=== Records shown ===
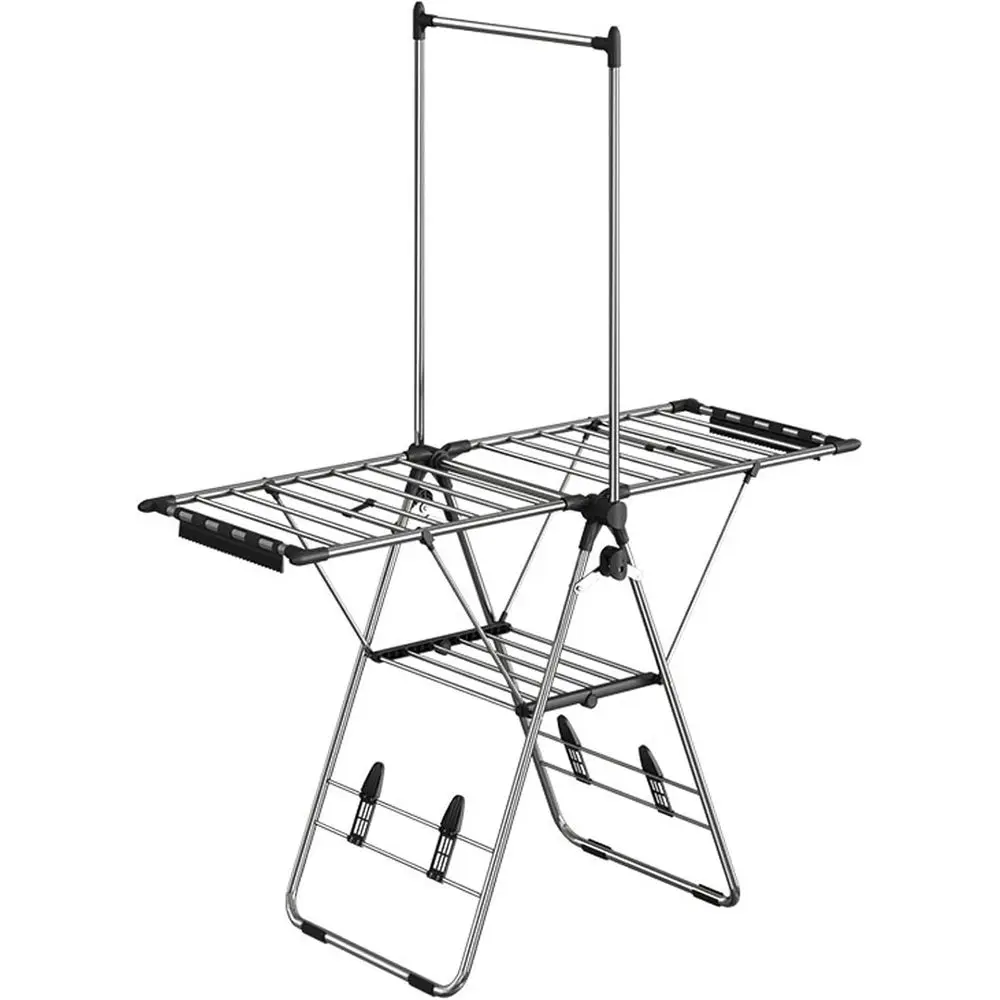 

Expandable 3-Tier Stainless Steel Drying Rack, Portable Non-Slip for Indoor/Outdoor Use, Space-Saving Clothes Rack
===
=== Records shown ===
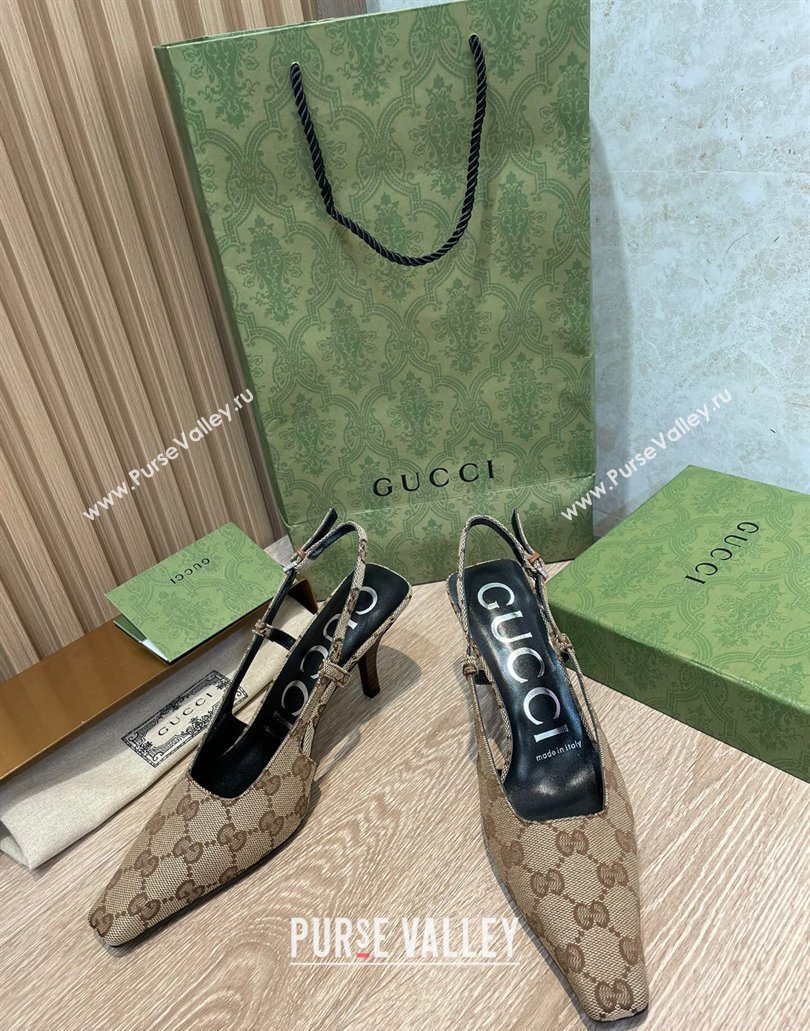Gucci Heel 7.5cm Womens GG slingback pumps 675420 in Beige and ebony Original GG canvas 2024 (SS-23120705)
===
=== Records shown ===
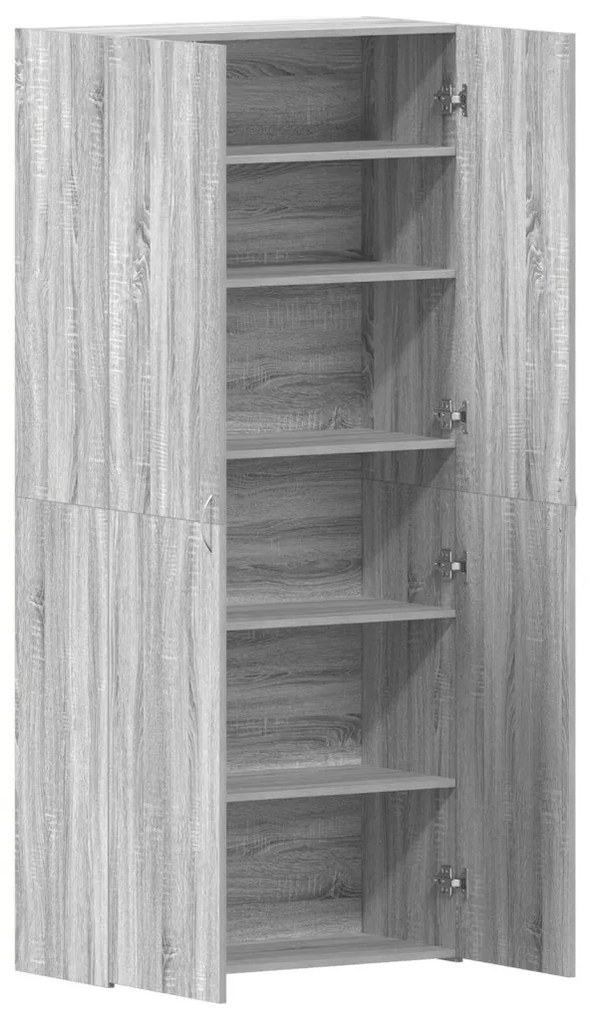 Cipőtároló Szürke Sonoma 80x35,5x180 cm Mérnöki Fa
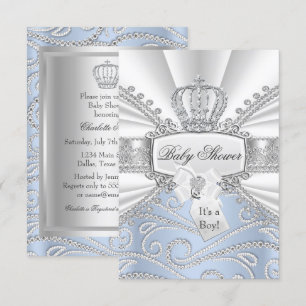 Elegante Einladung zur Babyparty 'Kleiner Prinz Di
===
▶ [What the task requires]: Work from the entries above. Set down exactly and only the lines from the line with "Cipőtároló Szürke Sonoma" to the line with "Elegante Einladung zur", both included, and leave the pictures out.

▶ [Answer box]:
 Cipőtároló Szürke Sonoma 80x35,5x180 cm Mérnöki Fa
 Elegante Einladung zur Babyparty 'Kleiner Prinz Di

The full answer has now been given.